Pipeline Execution Backends#

Executors run NeMo Curator Pipeline workflows across your compute resources. This reference explains the available backends and how to configure them. It applies to all modalities (text, image, video, and audio).

How it Works#

Build your pipeline by adding stages, then run it with an executor:

from nemo_curator.pipeline import Pipeline

pipeline = Pipeline(name="example_pipeline", description="Curator pipeline")
pipeline.add_stage(...)

# Choose an executor below and run
results = pipeline.run(executor)

Available Backends#

`XennaExecutor` (recommended)#

from nemo_curator.backends.xenna import XennaExecutor

executor = XennaExecutor(
    config={
        # 'streaming' (default) or 'batch'
        "execution_mode": "streaming",
        # seconds between status logs
        "logging_interval": 60,
        # continue on failures
        "ignore_failures": False,
        # CPU allocation ratio (0-1)
        "cpu_allocation_percentage": 0.95,
        # streaming autoscale interval (seconds)
        "autoscale_interval_s": 180,
    }
)

results = pipeline.run(executor)

Pass options via config; they map to the executor’s pipeline configuration.
For more details, refer to the official NVIDIA Cosmos-Xenna project.

`RayDataExecutor` (experimental)#

from nemo_curator.backends.experimental.ray_data import RayDataExecutor

executor = RayDataExecutor()
results = pipeline.run(executor)

`RayActorPoolExecutor` (experimental)#

from nemo_curator.backends.experimental.ray_actor_pool import RayActorPoolExecutor

executor = RayActorPoolExecutor()
results = pipeline.run(executor)

Ray Executors in Practice#

Ray-based executors provide enhanced scalability and performance for large-scale data processing tasks.
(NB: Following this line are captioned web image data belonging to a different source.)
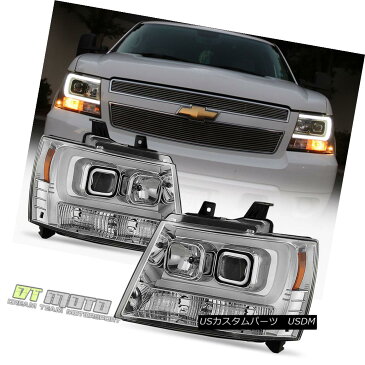 ヘッドライト 2007-2014 Chevy Suburban Tahoe Avalanche [LED Tube DRL] Projector Headlights Set 2007-2014シボレー郊外タホ雪崩[LEDチューブDRL]プロジェクターヘッドライトセット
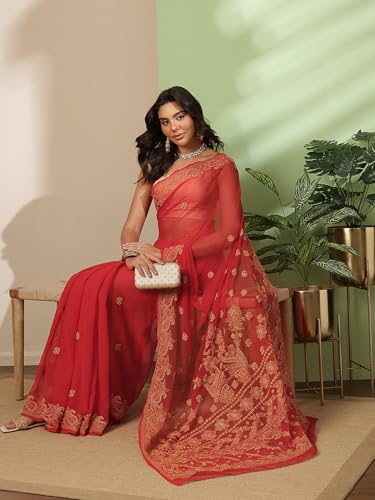 Ada Hand Embroidered Lucknowi Chikankari Georgette with Unstitched Blouse Piece for Women A311193 Red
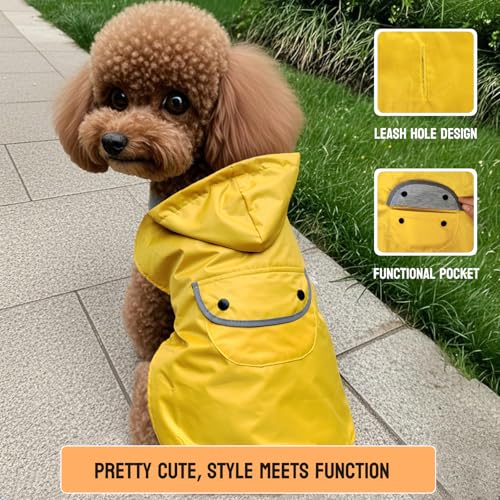 Dog Raincoat Dogs Rain Jacket Reflective Waterproof Pet Clothes Lined Poncho Rainwear Pocket Hooded Leash Hole Adjustable for Small Medium Dogs Puppy (Yellow / XS:Back Length 6.7")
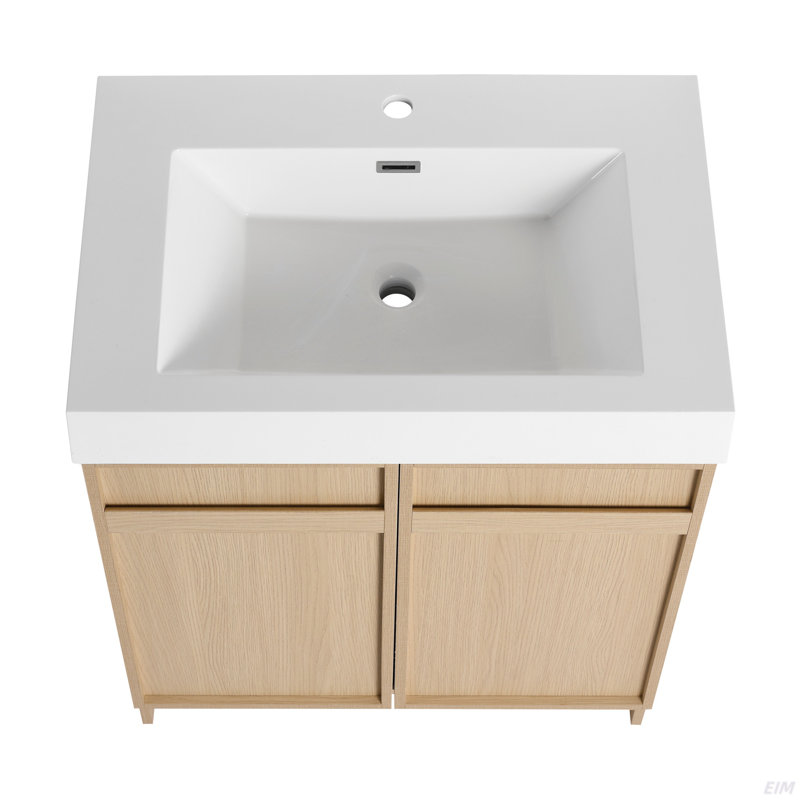 Meuble-lavabo autoportant de 30 po avec lavabo en résine blanche et 2 portes d'armoire à fermeture en douceur ((KD-PACKING)
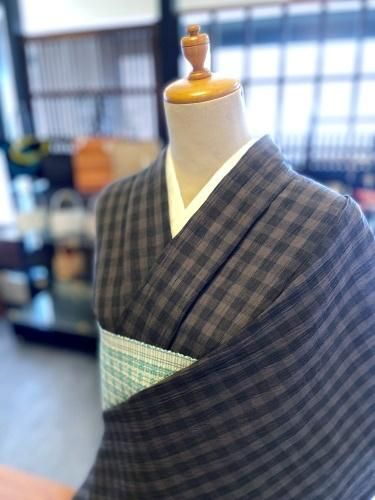 ¨̮⃝ 身丈158 ギンガムチェック 単衣 上質 本真綿紬 ̮⃝ 身丈158 ギンガムチェック 単衣 上質 本真綿紬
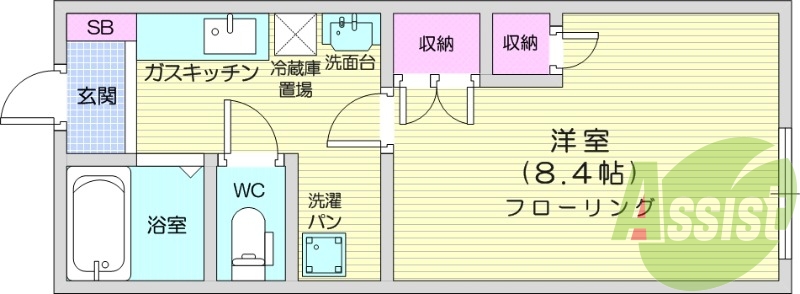 使いやすい広々間取りの１Ｋ　収納力バツグン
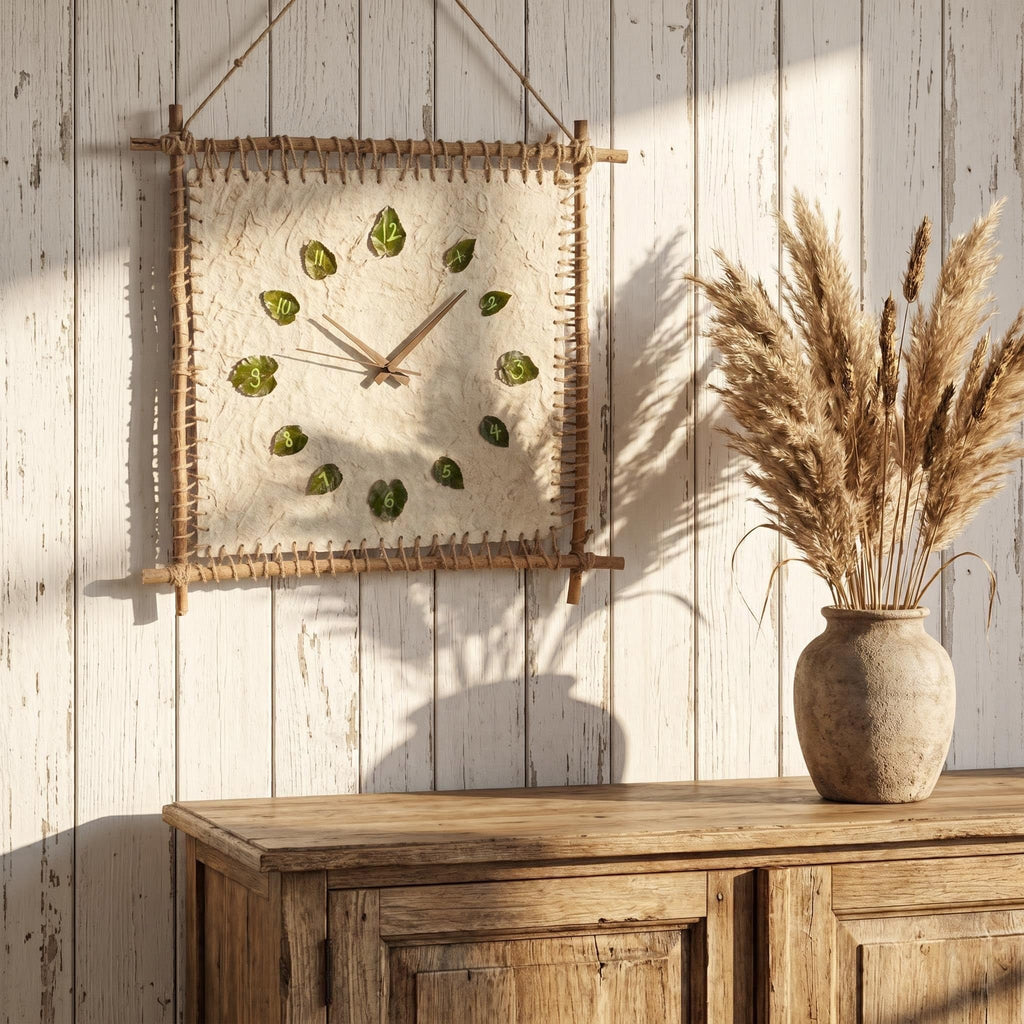 Boho Rustic Wall Clock, Natural Fiber & Wooden Frame Silent Non‑Ticking Wall Clock, Farmhouse Bohemian Wall Decor, Unique Leaf‑Numbered Wall Art for Living Room, Bedroom, Kitchen, Patio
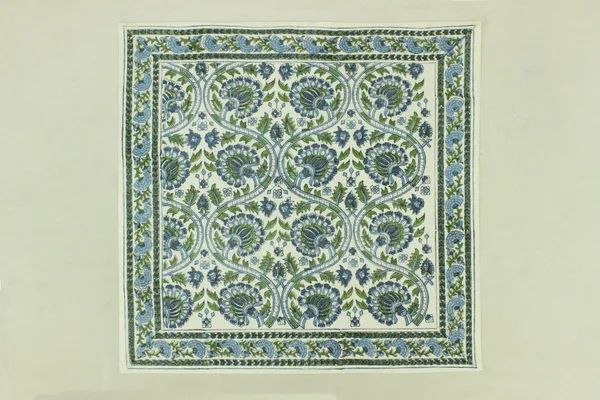 Pure_Cotton_Blue,_Green_and_White_Hand_Block_Print_Napkin,_Cocktail_napkin,_Dinner_napkin,_Buffet_Napkin,_Horde_oeuvres_Size_20"x20"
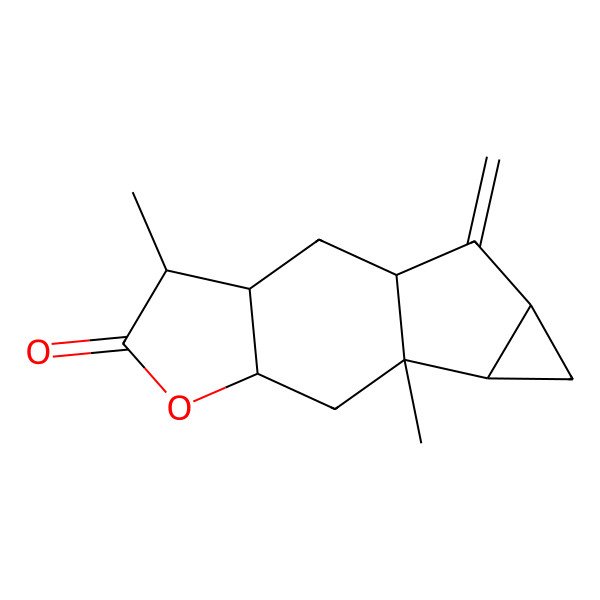 2D Structure of (1S,3R,4S,7R,9S,10R,12S)-4,9-dimethyl-13-methylidene-6-oxatetracyclo[7.4.0.03,7.010,12]tridecan-5-one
They’re beneficial for:

Large-scale classification tasks: Distributed inference across multi-GPU setups
Deduplication workflows: Parallel processing of document similarity computations
Resource-intensive stages: Automatic scaling based on computational demands

When to Use Ray Executors#

Consider Ray executors when:

Processing datasets that exceed single-machine capacity
Running GPU-intensive stages (classifiers, embedding models, etc.)
Needing automatic fault tolerance and recovery
Scaling across multi-node clusters

Ray vs. Xenna Executors#

Feature	XennaExecutor	Ray Executors
Maturity	Production-ready	Experimental
Streaming	Native support	Limited
Resource Management	Optimized for video/multimodal	General-purpose
Fault Tolerance	Built-in	Ray-native
Scaling	Auto-scaling	Manual configuration

Recommendation: Use XennaExecutor for production workloads and Ray executors for experimental large-scale processing.

Note

Ray executors emit an experimental warning as the API and performance characteristics may change.

Choosing a Backend#

Both options can deliver strong performance; choose based on API fit and maturity:

XennaExecutor: Default for most workloads due to maturity and extensive real-world usage (including video pipelines); supports streaming and batch execution with auto-scaling.
Ray Executors (experimental): Use Ray Data API for scalable data processing; the interface is still experimental and may change.

Minimal End-to-End example#

from nemo_curator.pipeline import Pipeline
from nemo_curator.backends.xenna import XennaExecutor

# Build your pipeline
pipeline = Pipeline(name="curator_pipeline")
# pipeline.add_stage(stage1)
# pipeline.add_stage(stage2)

# Run with Xenna (recommended)
executor = XennaExecutor(config={"execution_mode": "streaming"})
results = pipeline.run(executor)

print(f"Completed with {len(results) if results else 0} output tasks")